_EXERCISE_
Reproduce only what runs from the line containing "Gingerbread Man Cookie" to the line containing "Cuisine interactive XXL" in the records below, inclusive. Keep it exact, and keep the pictures out.

_GIVEN RECORDS_
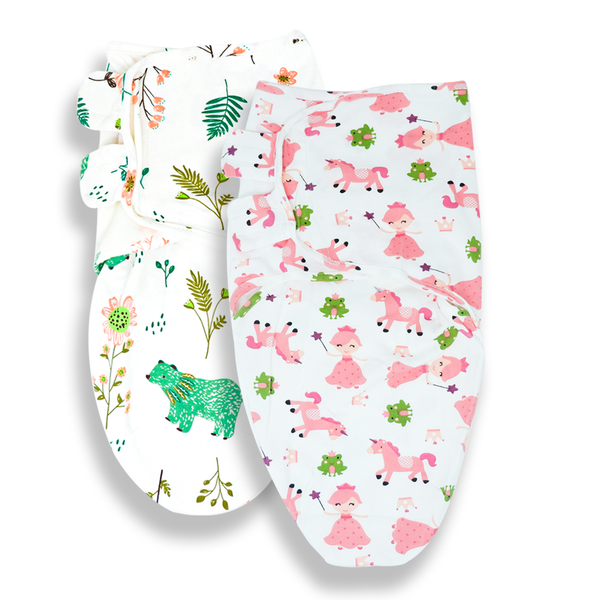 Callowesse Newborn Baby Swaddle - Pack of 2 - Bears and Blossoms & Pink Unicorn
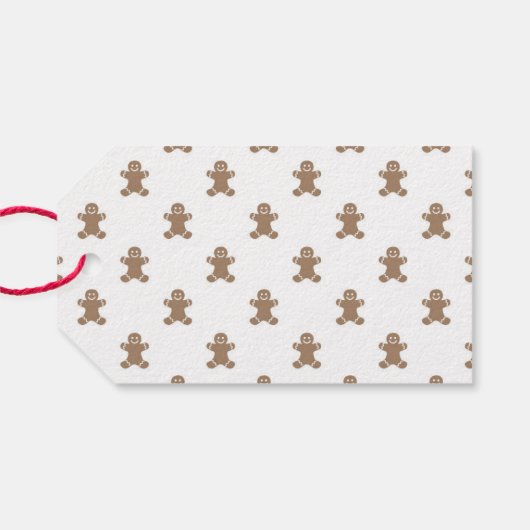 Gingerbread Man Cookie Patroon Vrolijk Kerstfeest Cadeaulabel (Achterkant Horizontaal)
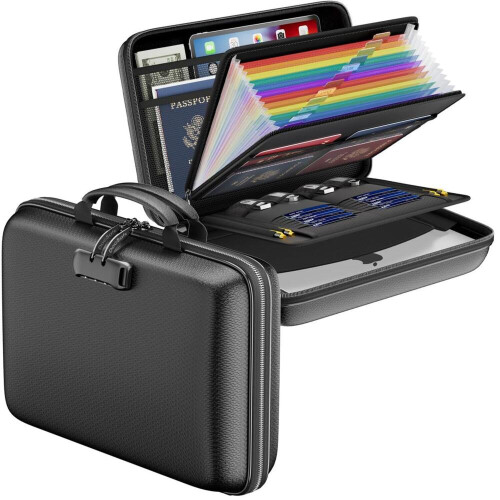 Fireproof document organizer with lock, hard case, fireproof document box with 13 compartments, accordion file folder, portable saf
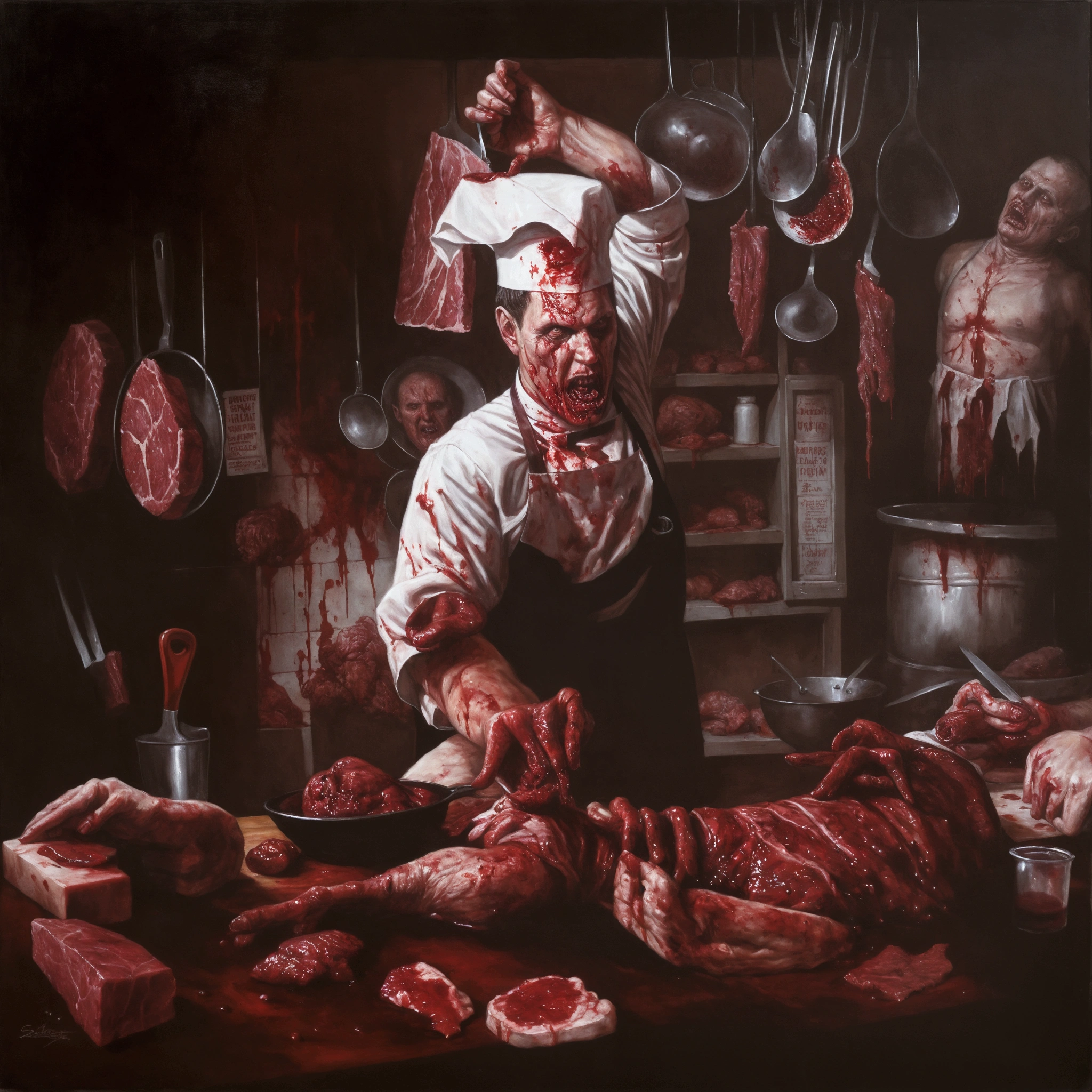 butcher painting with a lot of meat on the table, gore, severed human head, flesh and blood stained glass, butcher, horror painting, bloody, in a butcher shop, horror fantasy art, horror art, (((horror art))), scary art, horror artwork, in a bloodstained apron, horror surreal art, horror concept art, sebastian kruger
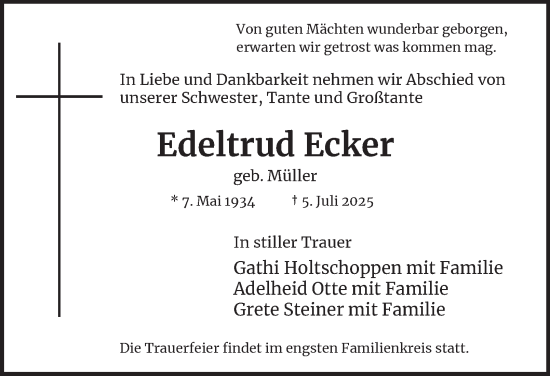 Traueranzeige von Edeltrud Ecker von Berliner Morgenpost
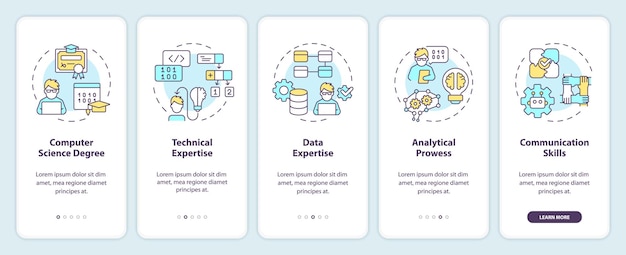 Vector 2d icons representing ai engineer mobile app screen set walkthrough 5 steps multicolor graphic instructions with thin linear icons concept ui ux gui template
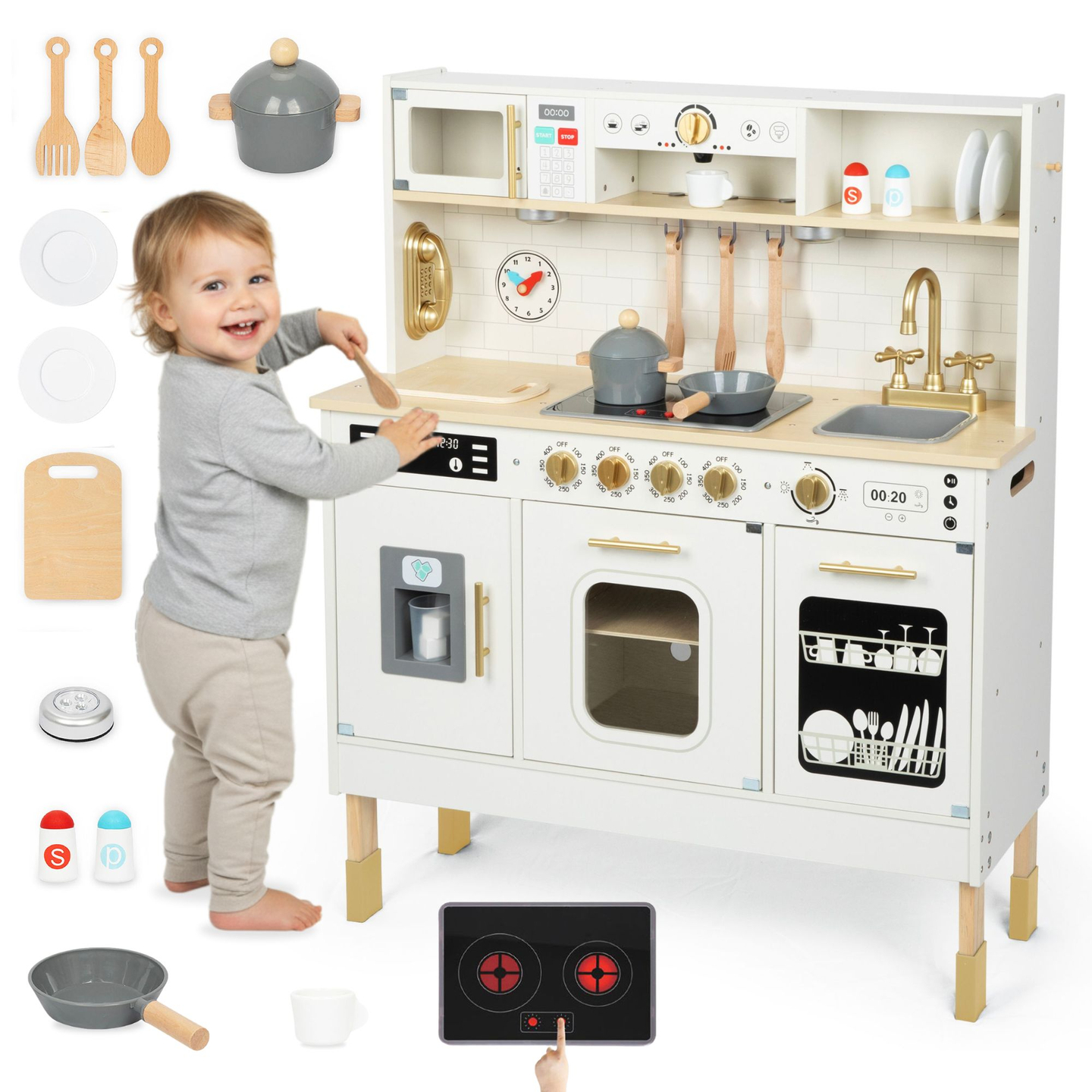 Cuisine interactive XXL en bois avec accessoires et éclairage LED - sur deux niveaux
...
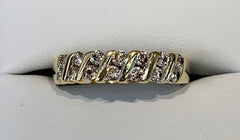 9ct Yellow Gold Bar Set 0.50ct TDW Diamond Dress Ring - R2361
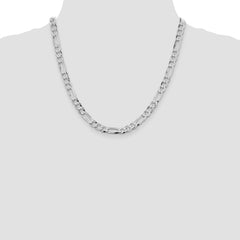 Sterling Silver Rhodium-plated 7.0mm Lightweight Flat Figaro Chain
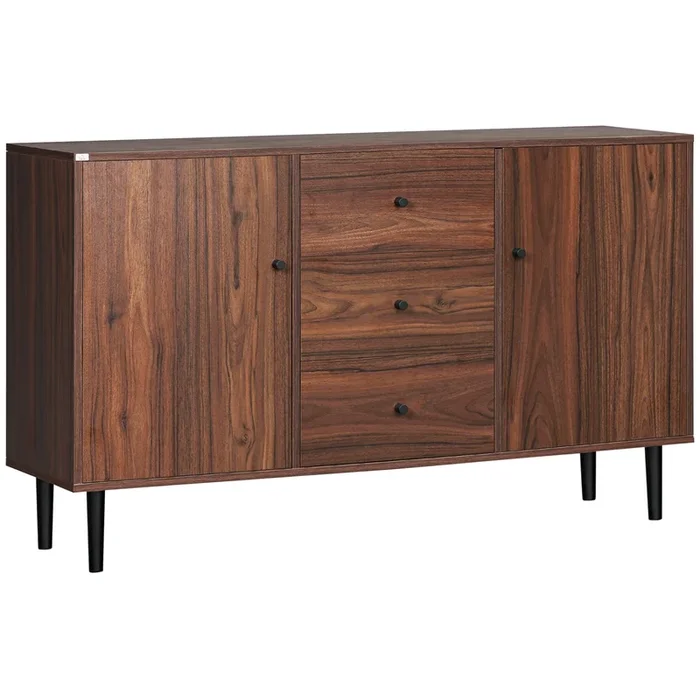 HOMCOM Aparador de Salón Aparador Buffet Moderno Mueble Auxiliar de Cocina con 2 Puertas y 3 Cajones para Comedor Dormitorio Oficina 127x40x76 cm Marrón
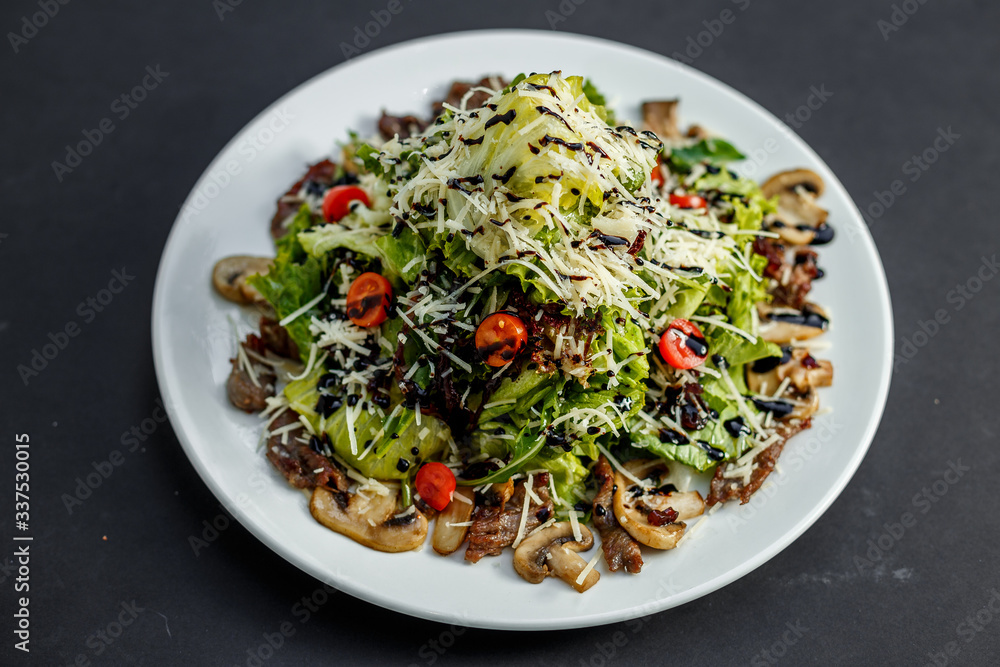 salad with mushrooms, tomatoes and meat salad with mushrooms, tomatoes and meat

_RESPONSE AREA_
 Gingerbread Man Cookie Patroon Vrolijk Kerstfeest Cadeaulabel (Achterkant Horizontaal)
 Fireproof document organizer with lock, hard case, fireproof document box with 13 compartments, accordion file folder, portable saf
 butcher painting with a lot of meat on the table, gore, severed human head, flesh and blood stained glass, butcher, horror painting, bloody, in a butcher shop, horror fantasy art, horror art, (((horror art))), scary art, horror artwork, in a bloodstained apron, horror surreal art, horror concept art, sebastian kruger
 Traueranzeige von Edeltrud Ecker von Berliner Morgenpost
 Vector 2d icons representing ai engineer mobile app screen set walkthrough 5 steps multicolor graphic instructions with thin linear icons concept ui ux gui template
 Cuisine interactive XXL en bois avec accessoires et éclairage LED - sur deux niveaux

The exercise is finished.